= Risshō Ankokuron =

Japanese Buddhist treatise by Nichiren

Risshō Ankokuron (立正安国論) is a Japanese Buddhist treatise by the Kamakura-period monk Nichiren.

== Authorship, date, and title ==
Risshō Ankokuron was written by the monk Nichiren. It dates to the first year of Bun'ō (1260). Nichiren presented it as a petition to the regent (shikken) Hōjō Tokiyori, but it was ignored, and brought the anger of the authorities down on Nichiren.

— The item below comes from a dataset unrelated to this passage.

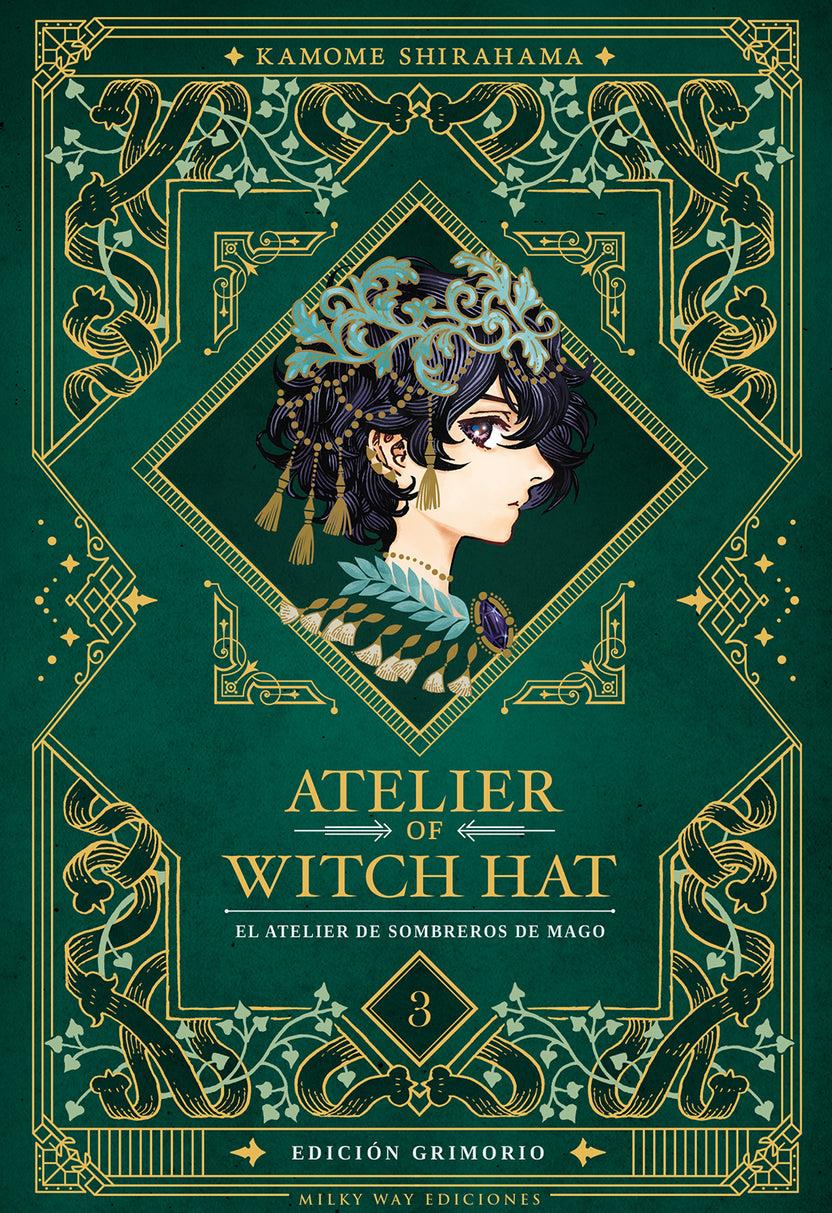 Atelier of the Witch Hat (Edición grimorio) vol.3 | N0526-MILK01 | Kamome Shirahama | Terra de Còmic - Tu tienda de cómics online especializada en cómics, manga y merchandising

The title Risshō Ankokuron translates to "On the establishment of right doctrine and peace of the nation", and is occasionally abbreviated to Ankokuron.

== Contents ==
The work consists of a single book in ten paragraphs. It takes the form of a dialogue between "a visitor" and "the master", and is written in kanbun (Classical Chinese).

It propounds the idea that placing one's faith in the Lotus Sutra protect the safety of the nation. Nichiren invokes the fear of natural disasters, famine and plague and quotes from a variety of Buddhist sutras to demonstrate that the reason for such problems is the failure of the sovereign to embrace the correct religious doctrine. He attacks the Pure Land school of Hōnen as a sinister cult (邪宗 jashū) and emphasizes the need to reject such false doctrines and place one's faith in the Lotus Sutra.

Nichiren also predicted a foreign invasion, a prediction which came true more than a decade later when Japan was invaded by the forces of Kublai Khan.

Endō Asai, in his article on the work for the Encyclopedia Nipponica remarks that because of its status as a polemic against the religious practices of the nation, it lacks an explanation of the causes that lead to its conclusions, and recommends reading it in combination with Shugo Kokkaron (守護国家論), which Nichiren had published the previous year.

== Textual tradition ==
A copy of the text in Nichiren's own hand, dating to 1269, is preserved in Hokekyō-ji in Ichikawa, Chiba.